Monday, June 28, 2021

Monday: first day of the Apostle's fast!












The above pictures are all from Pentecost or the Monday afterwards,
called Spirit Monday for short.
I had never gotten them downloaded from my phone
(it is not automatic when I have the battery saving mode on)
on Pentecost it self but they were so beautiful so wanted to still share,
a week plus later!
***
Today's pictures (for the same reason as above) are not around for me yet.
***
I am reading a LOVELY but challenging (as in to keep striving for
Christian growth, repentance) book of quotations by various
Optina Monastery Fathers. 
I love it esp as it is short quotations that are more 
digestible and understandable. 
***
I made the fruit and nut bread.  Such a blessing.
Baked fairly early in our toaster oven which is perfect
when it is hotter out.
***
Praying for those in heat waves right now!
***
We went to vespers locally tonight.
A blessing also.
***
I did only a small amount of work on my writing project,
printing earlier research out and chatting with a 
librarian (I think?) at a NYC museum with some questions.
***
Did some laundry.  
The fruit and nut bread was my saving grace,
as I forgot about vespers and had nothing for dinner planned 
so we had more of the bread with a salad on the side.
***
Well, it's time for bed now.
I am trying to make room for the rest I need.
I am really thankful for this day
and for books to read to learn from,
that I mentioned.
***
God bless you each and every one!
May Christ have mercy on us!

Sunday, June 27, 2021

 








Hello and happy Sunday end and Monday soon begins!  I am finally feeling more myself again, as if I came back to myself.  I have two baking projects for this week, some swimming goals, possible NYC trip and hope to do a bit of work on my writing project.   And, in between all of this, some rest too.

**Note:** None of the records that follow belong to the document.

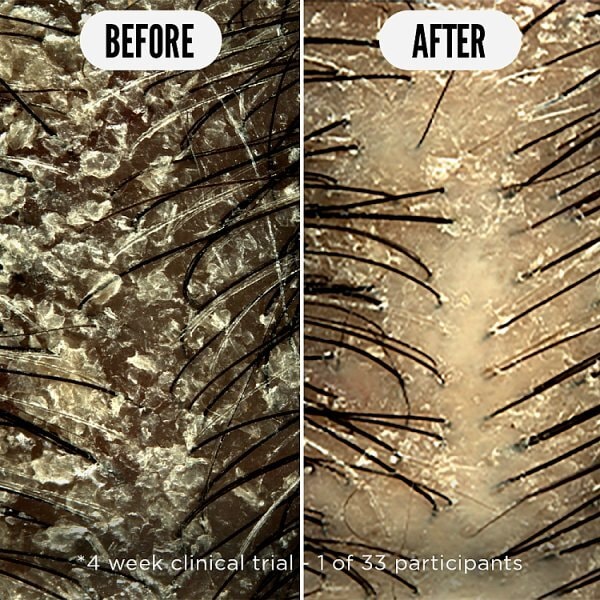 Noughty Care Taker Scalp Soothing Tonic 75ml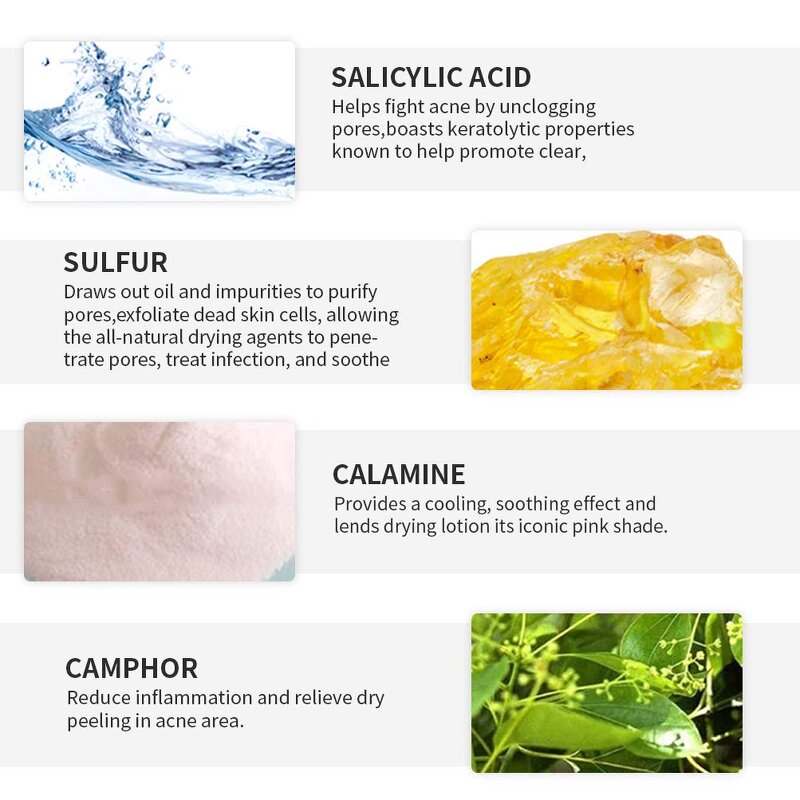 Acne Drying Lotion - OEM Private Label Hot Selling Pimple Scar Removal Calamine Serum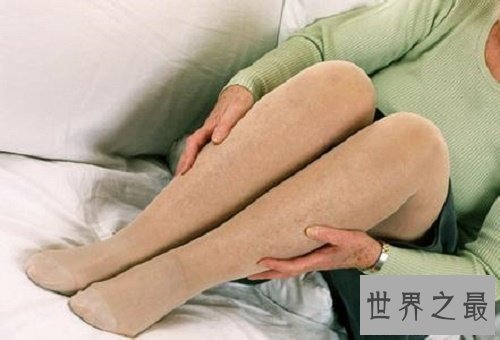 【图】静脉曲张是什么意思，遇到这样的成绩该怎样治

My first baking project is another batch of the delicious and easy fruit and nut bread.  The Apostle's fast begins tomorrow and some fresh bread will be, God willing, a great beginning!

Well, I best be off now.  I hope to go swimming in the morning so I need rest!  

God bless you all and keep you in His care!

Saturday, June 26, 2021

Saturday: the mundane and the profound


A pretty bowl for breakfast.  We had pizza for lunch.  Ice cream and
strawberries...
Then to evening vespers... 





I found myself thinking about the world, and the multiplicity of views
and this world, with so many religions, ideas and such.
But also about some ideas that I discovered Madeleine L'Engle 
and Elder Sophrony (who wrote the books on St Silouan)
about hell and heaven and 
two different ways of it and one, Madeleine's, at least in the middle of her life,
was the idea she said of some thought that heaven could include being able to see 
people in hell and she could not imagine that as heaven 
and then St Sophrony saying that St Silouan saying that love cannot 
bear the idea of those in hell but yet believing that people can/are there
and suffering and praying for those there.  And it is suggested that God has pain about it.
The same thing but different conclusion.
I know this is perhaps not my normal discussion here but well, I do often write
what is on my mind and so here I am, writing about it.
And I thought about this as I was in church and the idea of some
refusing God and how could that be and yet,
I saw the Lord on His Cross in the front side of Church.
It was like I realized that life is cluttered, and that seeing Christ on the Cross
may be missed but yet He is THERE.
***
(even in the two pictures above, you can miss seeing Him there, 
on the Cross, because the view I looked towards Christ made it
visually cluttered and you do not immediately notice the Cross....)
***
It was like I realized for a minute anyway, that somehow the Cross
with Christ on it, is really the centre of everything, the centre of history,
that He came and died for us
and that His death tell us His love
and His Resurrection tells us our Hope
and that Christ, seen here, is the answer.
There He is.  Silent. Still. So Still.  On the Cross, 
poured out for all the world.
And while I don't have an answer to the questions the L'Engle and Elder Sophrony
are raising, as they are nuanced and I don't have the wisdom to answer them,
but I can say that I saw that Christ came and that the Cross,
the suffering, the offering of Christ 
is the answer to the question, to everything, in the end.
***
I saw it but I can only pray that I can remember it,
have this more deeply in my own heart,
my own fickle struggling heart.


I also thought of how good it is to be in church
and that while right now in NJ things are pretty good with the 
pandemic numbers and such but that one does not know
if it will get worse again and I was just glad to be there.....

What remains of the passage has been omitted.